America Began With Freedom And The World Is Better For It

Jim Blasingame

The first Plantagenet King of England, Henry II, is important to America’s small business owners because he’s considered the founder of a legal system to which entrepreneurs owe their freedom to be.

His intelligence only exceeded by his ambition, Henry's attempts to consolidate all of the 12th-century British Isles under his rule necessitated the need for order. And while his motivations were for his own political expediency rather than to empower the people, Henry’s subsequent reforms actually gave birth to the legendary English Common Law, which ultimately replaced elements of the feudal system that included such enlightened practices as trial by ordeal and inquisition.

By the 18th century, with Henry’s landmark reforms having been strengthened by King John’s Magna Carta (1215) and the English Bill of Rights (1689), great progress was achieved in the legal and cultural tide of personal and property rights. For example, in 1762, British statesman William Pitt, Sr. made this important declaration: “The poorest man may in his cottage bid defiance to all the forces of the Crown. It may be frail — its roof may shake — the wind may blow through it — the storm may enter — the rain may enter — but the King of England cannot enter — all his force dares not cross the threshold of that ruined tenement!”

Concurrent with the expansion of English reforms, across the Atlantic in the colonies a group of now-legendary malcontents we call America's Founders envisioned and created an extraordinary variation on Pitt’s promise. That variation was a world sans kings. 

In The Fortune of the Republic, Ralph Waldo Emerson wrote, "We began with freedom. America was opened after the feudal mischief was spent. No inquisitions here, no kings, no dominant church." 

In Origins of the Bill of Rights, Leonard W. Levy noted that, “Freedom was mainly a product of New World conditions.”  

Those conditions, as Thomas Jefferson (and his committee of five) so artfully crafted in the Declaration of Independence were, “…life, liberty, and the pursuit of happiness.” Approved by the Continental Congress on Thursday, July 4, 1776, those 18th-century words represented dangerous ideas for which the 56 co-signers of this revolutionary document put their lives at risk. 

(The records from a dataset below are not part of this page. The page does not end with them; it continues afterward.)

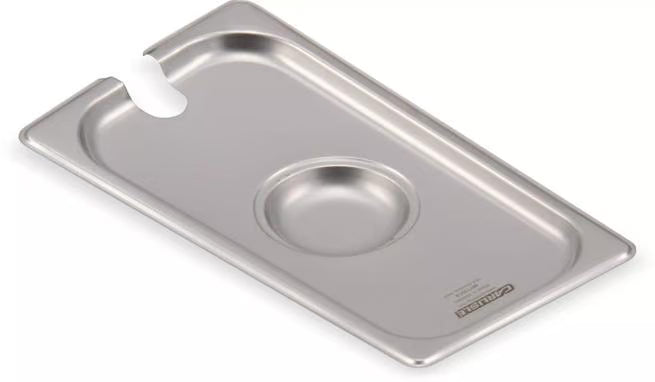 Protect and serve food efficiently with the DuraPan Stainless Steel Hotel Pan Slotted Handled Cover 1/3 Size 607130CS. Features heavy gauge stainless steel, a serving spoon notch, and a comfortable concave handle.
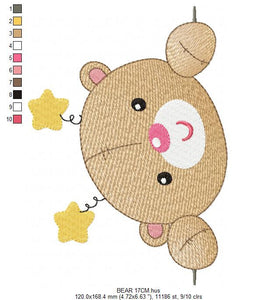 Bear embroidery designs - Bear peek a boo embroidery design machine embroidery pattern - cute teddy bear embroidery file - instant download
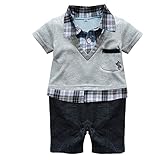 （ワボーズ） Waboatsベビー ボーイ重ね着風ロンパス 夏の服装 フォーマル 赤ちゃん 楽ちん 柔らか カバーオール グレー 90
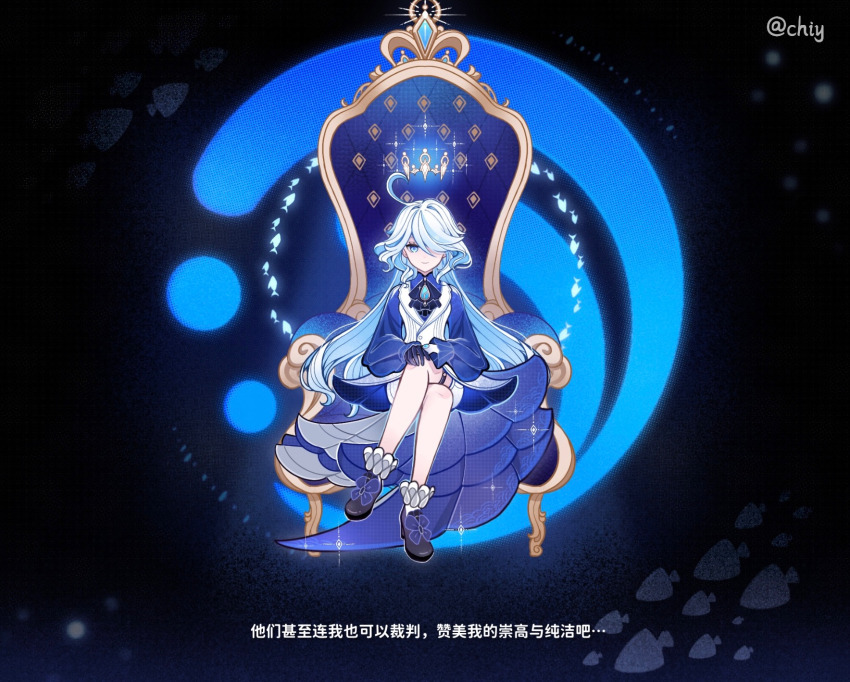 1girl, ahoge, asymmetrical_gloves, black_gloves, blue_eyes, blue_hair, blue_shirt, brooch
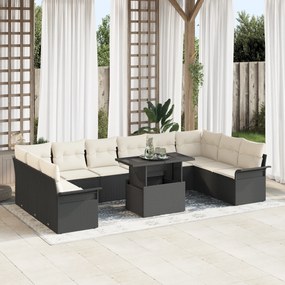 vidaXL Conjunto de Sofá de Jardim de 11 Peças com Almofadas Preto Rattan Poliéster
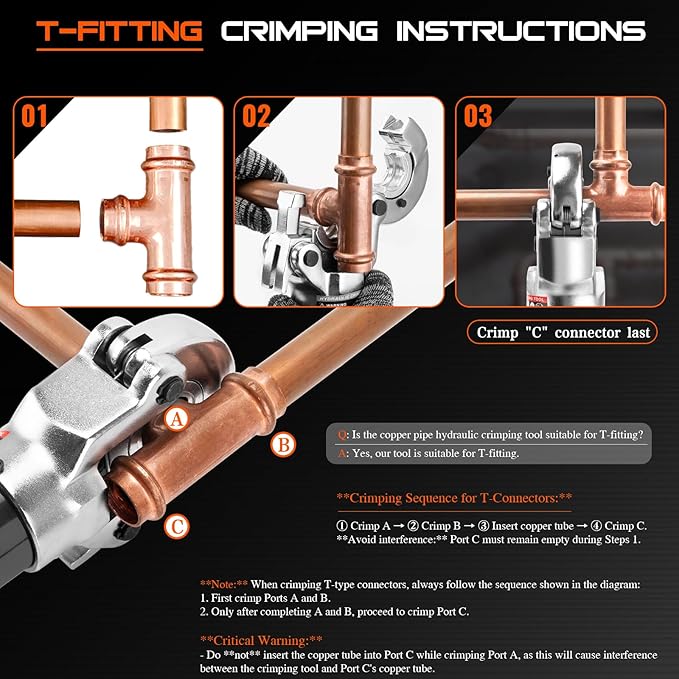 Copper Pipe Crimping Tool - with 1/2", 3/4", 1" Jaws, Copper Tube Fittings Hydraulic Pipe Crimping Tool for Pro Press, Viega Copper Pipe Fittings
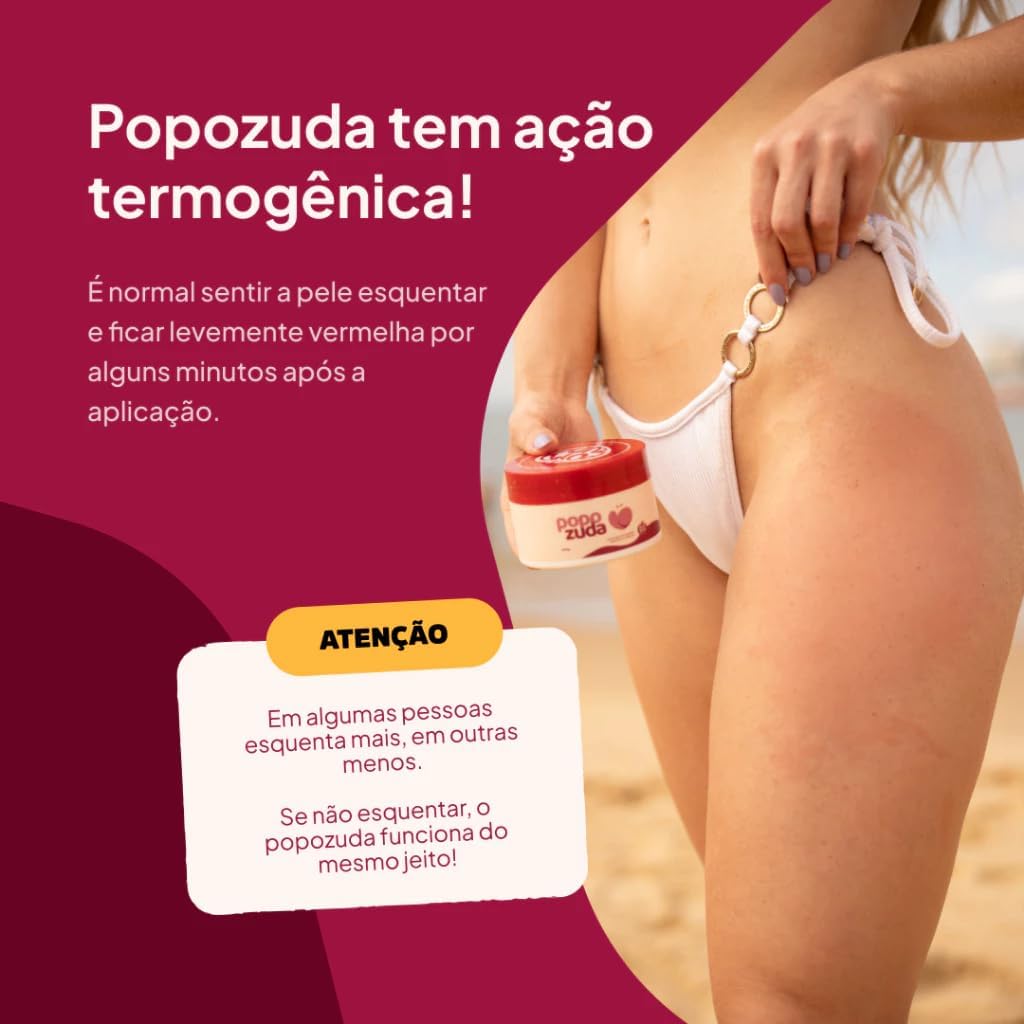 Creme Corporal Termoativo Popozuda para Estrias e Celulite, Efeito Aquecimento, Hidratação e Fácil Absorção, 200 g IZECARE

And America’s founding documents weren’t perfected until they perpetuated rights that were, as John Dickinson declared a decade earlier in 1766, “...born with us, exists with us and cannot be taken from us by any human power without taking our lives.” 

Any questions?

But the Founders were on a quest to claim a more powerful variation on the promise of freedom. They knew that freedom isn’t an American franchise; it’s a blessing from God found around the world. But freedom to pursue dreams wherever they take us – personal rights, self-determination, to fail and then redeem yourself – is the very American ideal the Founders created. 

And then they named it – liberty. 

For two-and-a-half centuries, liberty has been the contract that Americans have extended to each other as we pledge devotion to the secular scripture from whence we claim that promise: the Constitution of the United States. Thank you, Founders.

By definition, entrepreneurs take risks. But those risks are only acceptable when freedom converts into the liberty to claim success, and then sustain its fruits for your own account.

The American experiment has revealed that a healthy entrepreneurial environment fosters national economic well-being. Today, 21st-century global research shows a direct connection between the rate of individual business start-ups and a nation’s macroeconomic health. Clearly, without the Founders vision, courage, sacrifice, and devotion to liberty, it’s doubtful that America’s greatest global export, entrepreneurship, would exist today as we know it. 

And if capitalism is the economic lever of democracy, entrepreneurship is the force that renews the strength and reliability of that lever for each new generation. Thank you, America’s entrepreneurs.

This week, Americans celebrate another Independence Day, holding freedom of expression as our prime and most precious right. Indeed, the first sentence of the immortal First Amendment to the Constitution includes this declaration/promise: “Congress shall make no law … abridging freedom of speech …”  

We don’t have to agree on anything else to hold this truth to be self-evident, immutable, and non-negotiable: Any assault on freedom of speech – in any nuanced form, by any aggrieved entity – is an assault on the future of America. And it must be said that the future of America – warts and all – is the future of the world.

Write this on a rock ... America began with freedom, liberty was made manifest, entrepreneurship flourished, and the world is the better for it. Happy Independence Day, America.


Jim Blasingame is the author of The 3rd Ingredient, the Journey of Analog Ethics into the World of Digital Fear and Greed.